This is the second part of the analysis for the data from JH Dorrington Farm. You might want to read the first part before reading this one.
Before we put on our science hats, let us make an outline for what we will do. Previously we split the data into training and test sets 80/20. We will fit all of our models and calibrate them on the training set. Decisions about keeping/dropping predictors, transforming predictors and which model to chose will be left to the test set. Since we won’t have too many predictors (we will only use Age, Sire ID and milk based measurements), we can use 10 fold cross validation to decide on model parameters.

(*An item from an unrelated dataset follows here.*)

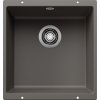 1 527328 kuchynsky drez blanco rotan 400 u siva vulkan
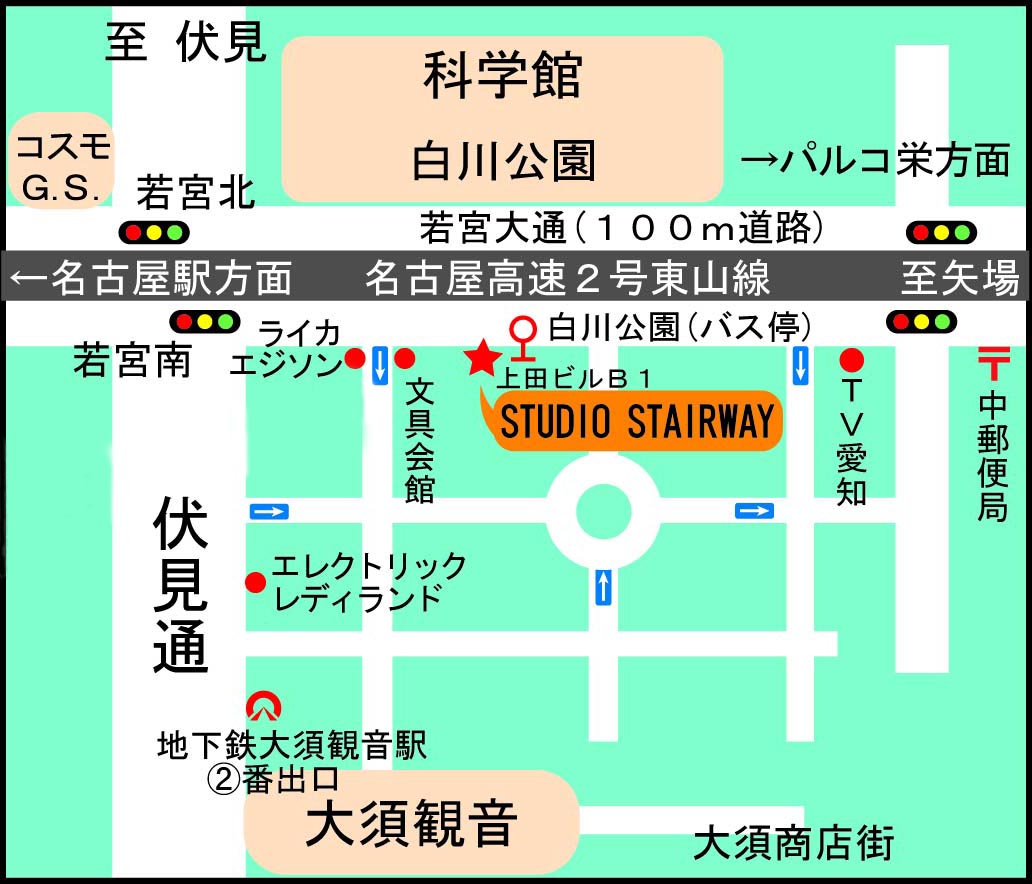 �����������ޥå�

Next on to the topic of models.
Not those kind of models. OK, anyway, since my friend Chris probably wants to use the model to explain to him the relationship between milk related measurements and average calving intensity, we are going to stick to models that are interpretable. I’m sorry to disappoint those who were waiting for me to run a deep neural network on 1200 data points.

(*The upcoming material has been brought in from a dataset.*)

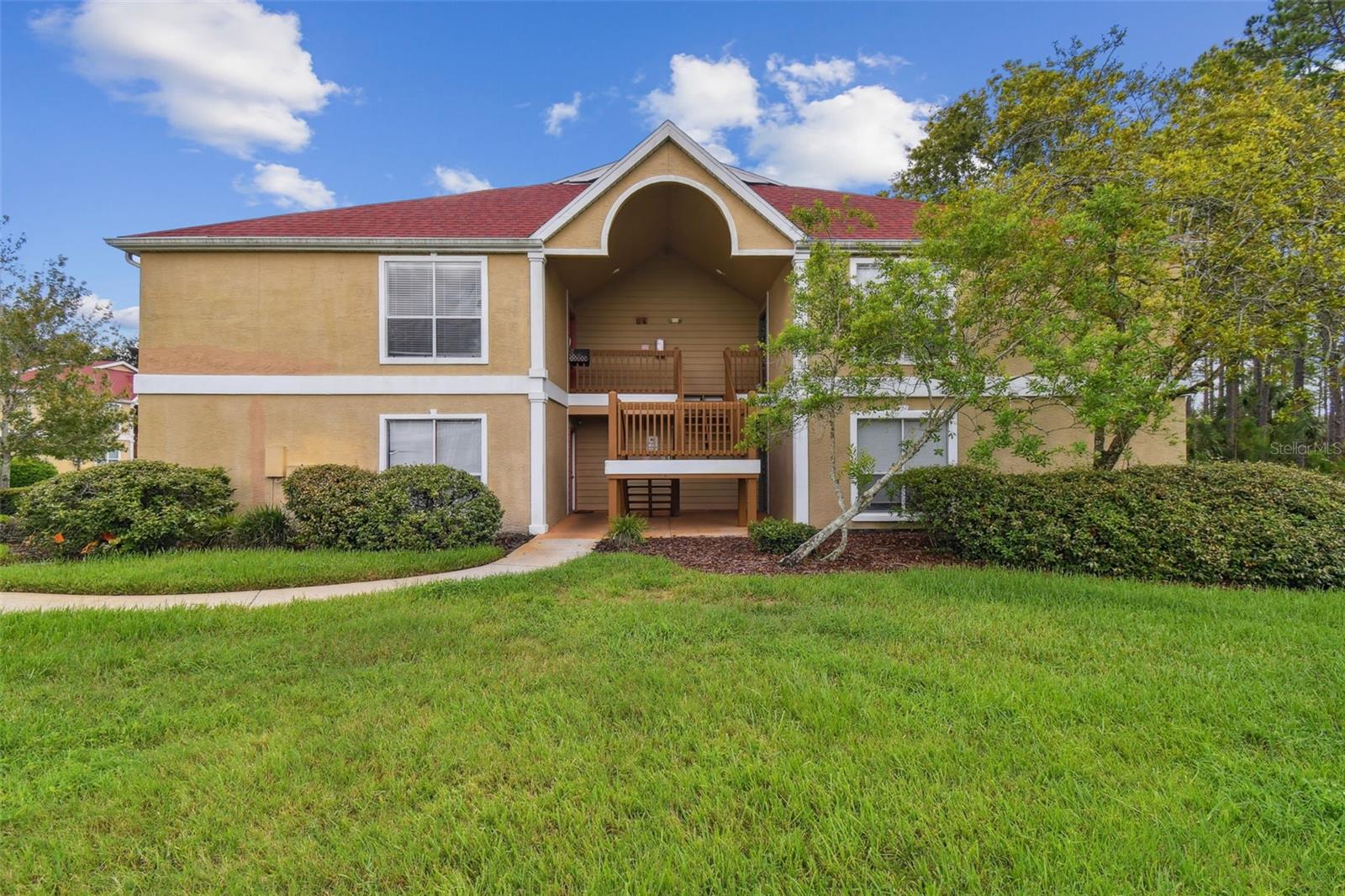 9481 Highland Oak Dr #1615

training.df = read_csv("../../data/jh-dorrington/train.csv")
test.df = read_csv("../../data/jh-dorrington/test.csv")
models = tribble(
~name, ~method,
"Linear regression", "lm",
"Robust LM", "rlm",
"Slab & Spike regression", "spikeslab",
"MARS", "earth",
"CART", "rpart",
"Elastic net", "enet",
"Paritial least squares", "pls"
)
models %>%
table_print()
name | method |
---|---|
Linear regression | lm |
Robust LM | rlm |
Slab & Spike regression | spikeslab |
MARS | earth |
CART | rpart |
Elastic net | enet |
Paritial least squares | pls |
So those are our models. At this point, feel free to look them up if you don’t already know them.
Now we take all the milk based predictors, age and the response (average calving interval).

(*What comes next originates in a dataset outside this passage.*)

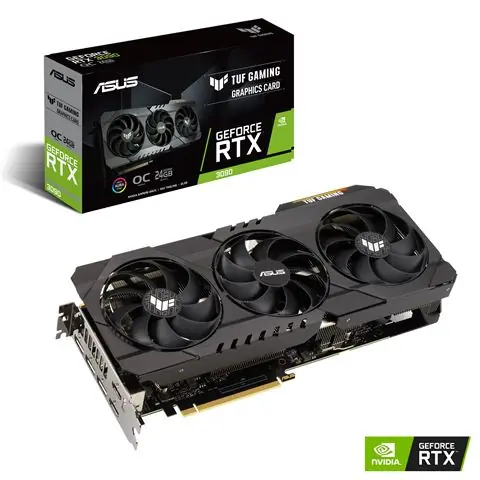 VGA AS TUF RTX3090 O24G GAMING-0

# Keep only the milk based predictors, Age and Average_calving_interval
milk.ind = c()
for(key in c("milk",
"fat",
"lac",
"prot",
"Age",
"Average_calving_interval")){
milk.ind = c(grep(paste0("*", key, "*"), names(training.df)), milk.ind)
}
milk.ind = unique(milk.ind)
milk.names = names(training.df)[milk.ind]
milk.names %>% print
#> [1] "Average_calving_interval" "Age"
#> [3] "Age_at_first_calving" "Life_prot_cfherd"
#> [5] "Lac_prot_kg" "D360_prot_kg"
#> [7] "Lac_prot_cfherd" "Mean_prot_perc"
#> [9] "Mean_lact_milk" "Mean_lac_perc"
#> [11] "Dam_lact_yield" "Life_fat_cfherd"
#> [13] "Lac_fat_kg" "D360_fat_kg"
#> [15] "Lac_fat_cfherd" "Mean_fat_perc"
#> [17] "Mean_305d_milk" "Life_milk_cfherd"
#> [19] "Lac_milk_kg" "D360_milk_kg"
#> [21] "Lac_milk_cfherd" "Life_milk_day"
#> [23] "Life_milk_recs"
training.df = training.df %>%
dplyr::select(one_of(milk.names))
test.df = test.df %>%
dplyr::select(one_of(milk.names))
training.df %>% mutate(set = "Training") %>%
rbind(test.df %>% mutate(set = "Test")) %>%
group_by(set) %>%
summarise_all(funs(sum(is.na(.)))) %>%
gather(column, missing, -set) %>%
filter(missing > 0) %>%
ggplot(aes(reorder(column, missing), missing, fill = column)) +
geom_bar(stat = "identity") +
coord_flip() +
guides(fill = F) +
labs(
title = "Missing entries",
x = "",
y = "Number of missing entries"
) +
facet_wrap(~set)
As we can see, there are quite a few entries missing. We are going to employ three strategies to deal with the missing entries:
- Drop the columns with large number of missing entries
- Fill the missing entries with 0.01 (this for CART, won’t work well on regression models)
- Fill the missing entries using the median
- Fill the missing entries using K nearest neighbour
We will see on the test set which of the three works the best.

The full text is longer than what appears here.